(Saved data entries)
————

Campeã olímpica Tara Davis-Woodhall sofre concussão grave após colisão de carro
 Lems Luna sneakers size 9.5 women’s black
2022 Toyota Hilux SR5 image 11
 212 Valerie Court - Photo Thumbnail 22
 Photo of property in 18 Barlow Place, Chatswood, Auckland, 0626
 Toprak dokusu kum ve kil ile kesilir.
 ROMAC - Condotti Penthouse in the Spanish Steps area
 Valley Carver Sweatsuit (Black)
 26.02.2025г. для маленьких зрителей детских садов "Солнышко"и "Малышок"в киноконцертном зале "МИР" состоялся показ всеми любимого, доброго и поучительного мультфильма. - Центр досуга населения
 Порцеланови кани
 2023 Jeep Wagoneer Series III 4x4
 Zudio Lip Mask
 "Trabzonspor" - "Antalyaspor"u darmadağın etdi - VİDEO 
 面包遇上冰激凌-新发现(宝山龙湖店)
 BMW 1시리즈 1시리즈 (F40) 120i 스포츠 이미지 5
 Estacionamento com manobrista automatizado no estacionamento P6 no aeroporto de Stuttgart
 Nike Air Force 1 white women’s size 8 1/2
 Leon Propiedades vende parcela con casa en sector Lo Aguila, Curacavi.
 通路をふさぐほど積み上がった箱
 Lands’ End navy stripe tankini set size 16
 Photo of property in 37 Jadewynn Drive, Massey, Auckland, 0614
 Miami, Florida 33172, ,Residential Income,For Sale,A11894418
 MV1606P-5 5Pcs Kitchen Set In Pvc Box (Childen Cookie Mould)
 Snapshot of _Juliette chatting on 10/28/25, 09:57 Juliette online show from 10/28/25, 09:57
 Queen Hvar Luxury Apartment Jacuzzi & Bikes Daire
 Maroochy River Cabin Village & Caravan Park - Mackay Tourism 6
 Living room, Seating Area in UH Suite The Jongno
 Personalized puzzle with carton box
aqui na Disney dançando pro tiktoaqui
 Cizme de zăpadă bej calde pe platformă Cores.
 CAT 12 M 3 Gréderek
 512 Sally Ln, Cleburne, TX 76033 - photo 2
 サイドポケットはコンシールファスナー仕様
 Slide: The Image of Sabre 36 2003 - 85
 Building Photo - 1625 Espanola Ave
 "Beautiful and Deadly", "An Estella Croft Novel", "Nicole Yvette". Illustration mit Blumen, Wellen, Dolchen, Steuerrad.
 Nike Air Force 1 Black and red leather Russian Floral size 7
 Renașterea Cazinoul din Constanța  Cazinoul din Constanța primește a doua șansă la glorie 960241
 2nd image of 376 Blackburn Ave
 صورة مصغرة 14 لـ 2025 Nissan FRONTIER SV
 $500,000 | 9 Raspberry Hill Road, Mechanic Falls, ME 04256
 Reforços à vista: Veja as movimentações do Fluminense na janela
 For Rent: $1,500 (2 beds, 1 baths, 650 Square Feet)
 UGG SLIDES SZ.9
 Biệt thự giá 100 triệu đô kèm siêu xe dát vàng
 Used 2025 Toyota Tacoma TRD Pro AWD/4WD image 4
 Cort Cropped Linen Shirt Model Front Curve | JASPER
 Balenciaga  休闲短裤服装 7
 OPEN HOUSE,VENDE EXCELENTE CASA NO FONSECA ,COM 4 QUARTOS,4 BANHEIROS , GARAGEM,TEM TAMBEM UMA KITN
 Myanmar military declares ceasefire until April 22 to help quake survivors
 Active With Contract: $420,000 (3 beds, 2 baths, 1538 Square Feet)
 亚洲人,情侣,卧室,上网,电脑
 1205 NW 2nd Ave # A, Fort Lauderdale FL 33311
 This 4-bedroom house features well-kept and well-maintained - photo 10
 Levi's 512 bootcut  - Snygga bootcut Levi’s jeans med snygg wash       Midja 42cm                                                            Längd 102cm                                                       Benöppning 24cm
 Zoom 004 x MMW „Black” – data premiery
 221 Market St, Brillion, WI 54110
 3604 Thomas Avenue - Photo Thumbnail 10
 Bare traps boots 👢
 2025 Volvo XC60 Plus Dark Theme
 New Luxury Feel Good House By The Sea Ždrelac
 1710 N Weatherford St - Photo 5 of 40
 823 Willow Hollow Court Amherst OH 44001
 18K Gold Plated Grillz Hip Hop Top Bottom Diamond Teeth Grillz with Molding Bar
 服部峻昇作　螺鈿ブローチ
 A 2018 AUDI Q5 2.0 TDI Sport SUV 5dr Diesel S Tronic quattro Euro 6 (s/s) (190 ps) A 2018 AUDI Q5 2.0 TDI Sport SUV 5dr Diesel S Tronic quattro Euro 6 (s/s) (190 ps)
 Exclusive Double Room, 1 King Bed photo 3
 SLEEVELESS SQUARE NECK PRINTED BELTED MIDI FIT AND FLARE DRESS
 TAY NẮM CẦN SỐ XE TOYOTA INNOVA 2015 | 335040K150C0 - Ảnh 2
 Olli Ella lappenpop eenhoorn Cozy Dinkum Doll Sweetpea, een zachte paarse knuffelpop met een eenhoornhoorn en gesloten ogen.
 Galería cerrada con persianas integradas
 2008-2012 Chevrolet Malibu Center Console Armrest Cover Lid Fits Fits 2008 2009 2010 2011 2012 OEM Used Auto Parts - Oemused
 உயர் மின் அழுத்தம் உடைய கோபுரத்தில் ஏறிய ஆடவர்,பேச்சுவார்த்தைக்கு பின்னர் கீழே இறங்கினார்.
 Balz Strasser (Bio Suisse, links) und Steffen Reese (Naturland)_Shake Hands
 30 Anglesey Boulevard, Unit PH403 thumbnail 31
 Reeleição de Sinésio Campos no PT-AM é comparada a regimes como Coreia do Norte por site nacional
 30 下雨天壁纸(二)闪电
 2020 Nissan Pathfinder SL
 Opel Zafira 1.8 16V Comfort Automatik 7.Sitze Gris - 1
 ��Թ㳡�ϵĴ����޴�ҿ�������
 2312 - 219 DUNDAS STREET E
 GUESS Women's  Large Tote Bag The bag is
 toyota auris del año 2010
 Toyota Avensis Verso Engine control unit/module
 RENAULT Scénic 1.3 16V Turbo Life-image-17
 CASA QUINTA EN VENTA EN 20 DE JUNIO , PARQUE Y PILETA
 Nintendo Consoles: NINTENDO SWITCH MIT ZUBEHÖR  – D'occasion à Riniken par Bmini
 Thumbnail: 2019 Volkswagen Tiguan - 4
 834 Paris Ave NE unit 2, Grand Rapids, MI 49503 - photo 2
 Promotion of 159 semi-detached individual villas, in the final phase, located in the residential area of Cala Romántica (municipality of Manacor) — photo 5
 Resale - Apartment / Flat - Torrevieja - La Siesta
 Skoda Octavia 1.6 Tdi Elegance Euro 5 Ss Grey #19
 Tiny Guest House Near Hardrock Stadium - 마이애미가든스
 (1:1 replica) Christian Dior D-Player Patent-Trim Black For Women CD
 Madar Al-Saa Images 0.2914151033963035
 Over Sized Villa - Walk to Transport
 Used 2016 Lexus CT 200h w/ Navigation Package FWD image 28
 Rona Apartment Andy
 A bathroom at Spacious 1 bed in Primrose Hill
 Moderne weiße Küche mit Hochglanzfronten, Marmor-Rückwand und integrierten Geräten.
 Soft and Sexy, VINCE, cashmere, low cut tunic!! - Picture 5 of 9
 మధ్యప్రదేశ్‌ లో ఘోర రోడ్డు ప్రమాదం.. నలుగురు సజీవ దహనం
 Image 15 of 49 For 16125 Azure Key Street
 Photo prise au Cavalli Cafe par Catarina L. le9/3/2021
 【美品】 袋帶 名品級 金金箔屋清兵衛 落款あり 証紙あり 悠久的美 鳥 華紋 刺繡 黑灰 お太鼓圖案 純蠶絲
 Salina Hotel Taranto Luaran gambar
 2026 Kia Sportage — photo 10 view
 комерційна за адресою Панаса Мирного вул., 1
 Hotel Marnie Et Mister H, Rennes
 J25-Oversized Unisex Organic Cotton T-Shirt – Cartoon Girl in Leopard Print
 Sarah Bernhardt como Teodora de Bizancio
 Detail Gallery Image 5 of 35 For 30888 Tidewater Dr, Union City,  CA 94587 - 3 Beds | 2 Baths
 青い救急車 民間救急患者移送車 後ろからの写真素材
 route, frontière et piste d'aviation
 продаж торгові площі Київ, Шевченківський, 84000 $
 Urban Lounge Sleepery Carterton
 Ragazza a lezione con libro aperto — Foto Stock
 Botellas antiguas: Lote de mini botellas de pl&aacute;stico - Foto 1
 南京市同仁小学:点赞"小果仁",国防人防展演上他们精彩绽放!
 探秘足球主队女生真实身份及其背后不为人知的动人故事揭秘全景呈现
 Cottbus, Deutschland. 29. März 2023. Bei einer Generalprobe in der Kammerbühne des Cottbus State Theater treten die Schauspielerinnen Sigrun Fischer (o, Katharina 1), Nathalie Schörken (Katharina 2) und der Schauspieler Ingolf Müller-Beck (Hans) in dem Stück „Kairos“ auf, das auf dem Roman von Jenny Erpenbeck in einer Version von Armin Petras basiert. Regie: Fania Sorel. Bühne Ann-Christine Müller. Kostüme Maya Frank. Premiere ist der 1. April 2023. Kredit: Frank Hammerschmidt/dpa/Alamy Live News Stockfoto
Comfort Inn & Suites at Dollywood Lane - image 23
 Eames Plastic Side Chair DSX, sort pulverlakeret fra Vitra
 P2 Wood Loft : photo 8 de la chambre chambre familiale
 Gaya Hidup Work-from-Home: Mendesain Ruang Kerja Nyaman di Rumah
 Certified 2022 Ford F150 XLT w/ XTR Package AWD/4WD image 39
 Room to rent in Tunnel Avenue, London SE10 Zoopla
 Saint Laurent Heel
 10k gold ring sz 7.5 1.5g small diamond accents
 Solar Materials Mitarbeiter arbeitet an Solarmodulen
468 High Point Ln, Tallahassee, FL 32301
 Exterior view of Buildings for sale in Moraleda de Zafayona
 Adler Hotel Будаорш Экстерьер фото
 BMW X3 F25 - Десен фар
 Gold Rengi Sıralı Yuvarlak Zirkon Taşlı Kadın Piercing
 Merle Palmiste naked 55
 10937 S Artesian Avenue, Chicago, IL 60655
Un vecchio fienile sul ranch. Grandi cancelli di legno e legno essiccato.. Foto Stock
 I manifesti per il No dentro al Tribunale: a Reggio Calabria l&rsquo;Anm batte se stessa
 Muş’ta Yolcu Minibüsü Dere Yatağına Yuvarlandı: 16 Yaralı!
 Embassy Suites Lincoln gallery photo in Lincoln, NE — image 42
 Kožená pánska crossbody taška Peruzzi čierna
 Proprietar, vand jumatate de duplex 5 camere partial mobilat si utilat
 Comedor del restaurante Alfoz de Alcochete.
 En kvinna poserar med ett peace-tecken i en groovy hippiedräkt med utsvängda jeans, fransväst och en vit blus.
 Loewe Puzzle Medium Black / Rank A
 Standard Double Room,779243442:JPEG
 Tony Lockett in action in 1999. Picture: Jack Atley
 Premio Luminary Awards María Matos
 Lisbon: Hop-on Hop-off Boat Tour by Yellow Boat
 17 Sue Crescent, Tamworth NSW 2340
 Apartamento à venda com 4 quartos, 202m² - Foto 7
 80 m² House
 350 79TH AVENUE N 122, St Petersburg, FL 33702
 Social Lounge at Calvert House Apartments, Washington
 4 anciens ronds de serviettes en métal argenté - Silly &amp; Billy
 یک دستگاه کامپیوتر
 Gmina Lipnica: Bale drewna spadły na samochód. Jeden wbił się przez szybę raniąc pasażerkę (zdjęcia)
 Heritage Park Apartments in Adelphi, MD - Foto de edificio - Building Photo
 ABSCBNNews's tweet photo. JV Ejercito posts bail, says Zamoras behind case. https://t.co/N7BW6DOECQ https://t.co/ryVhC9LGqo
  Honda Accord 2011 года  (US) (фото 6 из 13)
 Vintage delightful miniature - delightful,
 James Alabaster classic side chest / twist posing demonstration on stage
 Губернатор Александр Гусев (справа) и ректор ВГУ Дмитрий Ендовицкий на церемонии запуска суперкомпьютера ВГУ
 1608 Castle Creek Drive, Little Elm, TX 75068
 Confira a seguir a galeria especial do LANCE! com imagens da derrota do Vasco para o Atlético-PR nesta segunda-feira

————

● **What you should do**: Could you reproduce, exactly, every line above from the line with "Promotion of 159" to the line with "మధ్యప్రదేశ్‌ లో ఘోర", and no other line? Both ends count.

● **Solution for this exercise**:
 Promotion of 159 semi-detached individual villas, in the final phase, located in the residential area of Cala Romántica (municipality of Manacor) — photo 5
 Resale - Apartment / Flat - Torrevieja - La Siesta
 Skoda Octavia 1.6 Tdi Elegance Euro 5 Ss Grey #19
 Tiny Guest House Near Hardrock Stadium - 마이애미가든스
 (1:1 replica) Christian Dior D-Player Patent-Trim Black For Women CD
 Madar Al-Saa Images 0.2914151033963035
 Over Sized Villa - Walk to Transport
 Used 2016 Lexus CT 200h w/ Navigation Package FWD image 28
 Rona Apartment Andy
 A bathroom at Spacious 1 bed in Primrose Hill
 Moderne weiße Küche mit Hochglanzfronten, Marmor-Rückwand und integrierten Geräten.
 Soft and Sexy, VINCE, cashmere, low cut tunic!! - Picture 5 of 9
 మధ్యప్రదేశ్‌ లో ఘోర రోడ్డు ప్రమాదం.. నలుగురు సజీవ దహనం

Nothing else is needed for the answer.